Abstract

This paper models the economic feasibility of growing the oilseed crop Camelina sativa (“camelina”) in the western United States to produce value-added protein feed supplement and an SVO-based biofuel. Modeled in eastern Colorado, this study demonstrates that camelina can be grown profitably both as a commodity and as an energy biofuel. These findings, along with the stochastic crop rotation budget and profitability sensitivity analysis, reflect unique contributions to the literature. The study's stochastic break-even analysis demonstrates a 0.51 probability of growing camelina profitably when diesel prices reach 1.15 $ L−1. Results also show that the sale of camelina meal has the greatest impact on profitability.
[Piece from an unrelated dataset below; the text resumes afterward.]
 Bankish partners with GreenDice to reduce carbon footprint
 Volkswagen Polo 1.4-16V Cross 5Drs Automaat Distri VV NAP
Yet once the price of diesel fuel exceeds 0.90 $ L−1, the farmer generates more revenue from the ability to offset diesel fuel purchases than the revenues generated from the sale of camelina meal. A risk analysis using second degree stochastic dominance demonstrates that a risk-averse farmer would choose to grow camelina if the price of diesel equals or exceeds 1.31 $ L−1. The article concludes that camelina can offset on-farm diesel use, making it economically feasible for farmers to grow their own fuel. As a result, camelina production may increase farm income, diversify rural economic development, and contribute to the attainment of energy policy goals.